Fuck trends, long live decisions - restreitinho
http://restreitinho.com/2011/12/26/predictions-decisions-and-settling/

======
pjscott
His list of decisions is too vague! They need concrete instantiations, things
he can actually _do_ , or they're going to be just nice-sounding generalities
to ponder. (I've been burned by this personally.)
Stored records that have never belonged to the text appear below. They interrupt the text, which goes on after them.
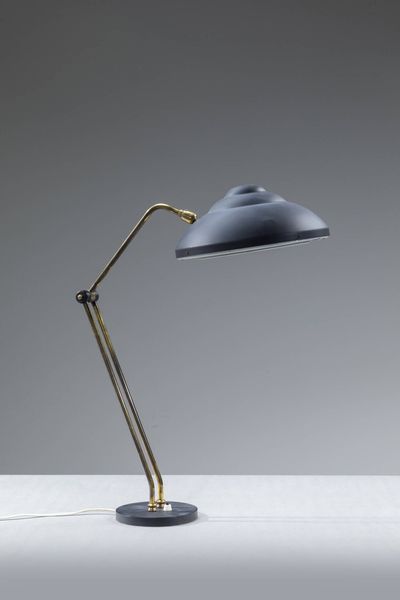 STILNOVO : Lampada da tavolo con struttura in ottone  base in ghisa e paralume in metallo laccato.  Prod. Stilnovo anni '70 h cm 60x50  - Asta Design - Associazione Nazionale - Case d'Asta italiane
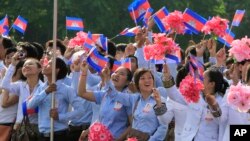 រូបឯកសារ៖ សិស្សានុសិស្ស​ខ្មែរ​ក្រវីទង់ជាតិ​ខ្មែរ​ក្នុង​ទិវា​ឯករាជ្យ​ជាតិ​ខួប​ទី៥៩​នៅ​វិមាន​ឯករាជ្យ ទីក្រុង​ភ្នំពេញ កាល​ពី​ថ្ងៃ​សុក្រ ទី៩ ខែ​វិច្ឆិកា ឆ្នាំ​២០១៣។ (AP/ហេង ស៊ីនិត)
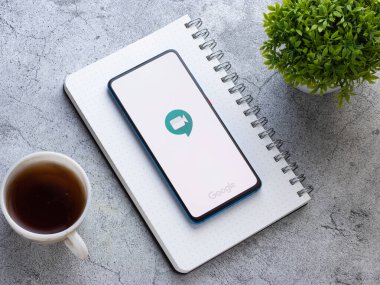 Assam, Hindistan - 31 Ocak 2021: Google toplantı logosu telefon ekranı görüntüsü.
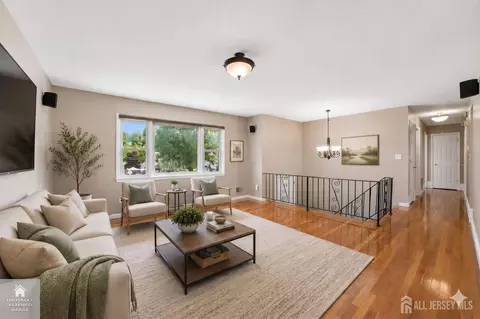 743 Wood Ave, Edison, NJ 08820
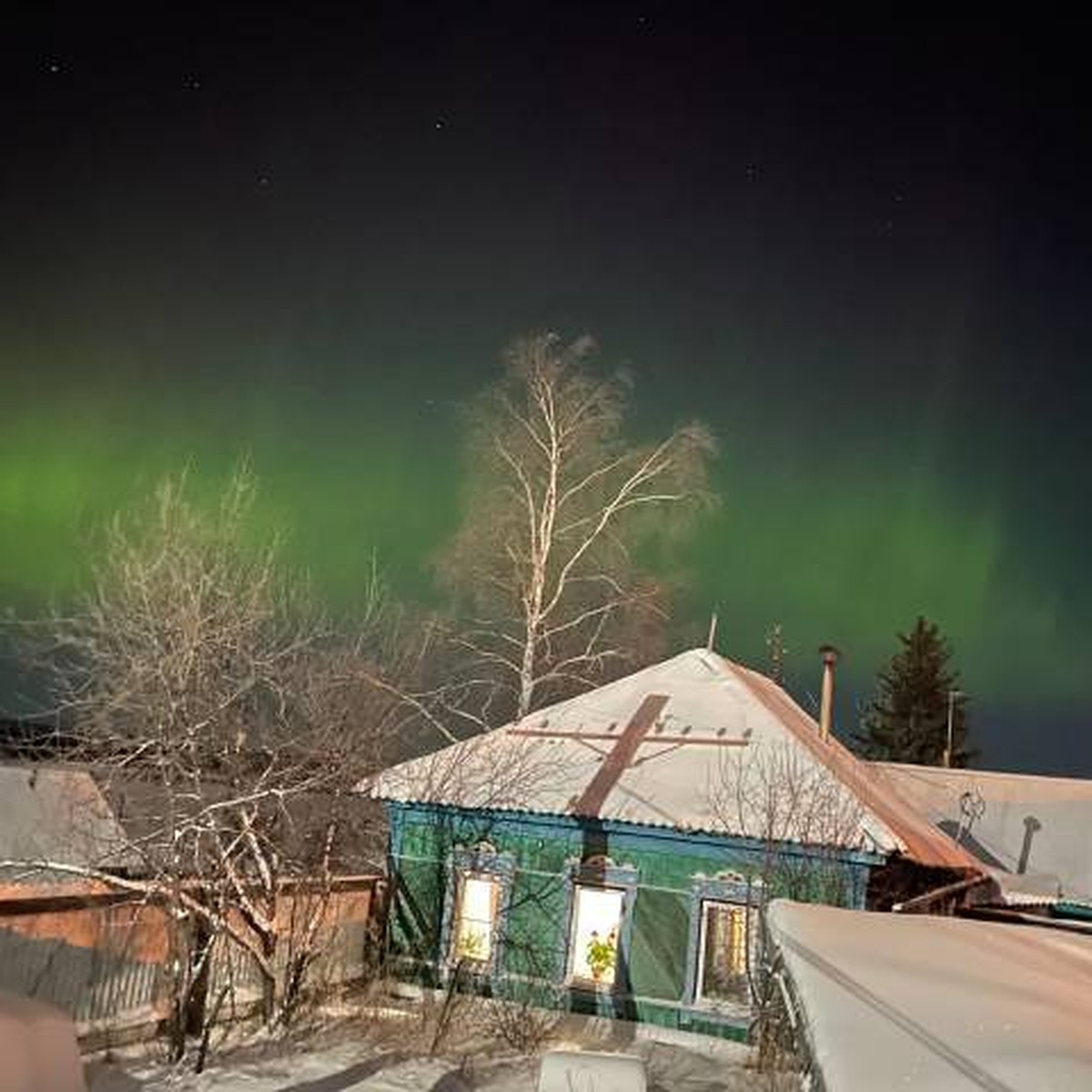 Северное сияние в Иркутской области 26 ноября 2023: фото - KP.RU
I'll give an example. Suppose a college student decides "I will take charge of
my education and be motivated to learn." This is a nice idea, but it's easy to
lose sight of such high ideals when your daily routine is so immediate and
distracting. Something more concrete might be, "I will read at least one
interesting journal article each day for the next month, marking each day on
the calendar." With this sort of decision, you will know if you are doing it
or not, and it can become a routine.

Don't decide to get better at writing; decide what you're going to write, then
write it while deliberately trying to write well. Don't decide to "become
relevant or GTFO"; come up with some plausible ways to become relevant, try
some non-null subset of them, and see how it goes.

------
bchjam
Making decisions is active.

Spotting trends is passive.

They complement each other, like a feedback loop.

------
drhowarddrfine
This guy doesn't know the difference between tracking trends and
"predictions". Trends are based on decisions already made.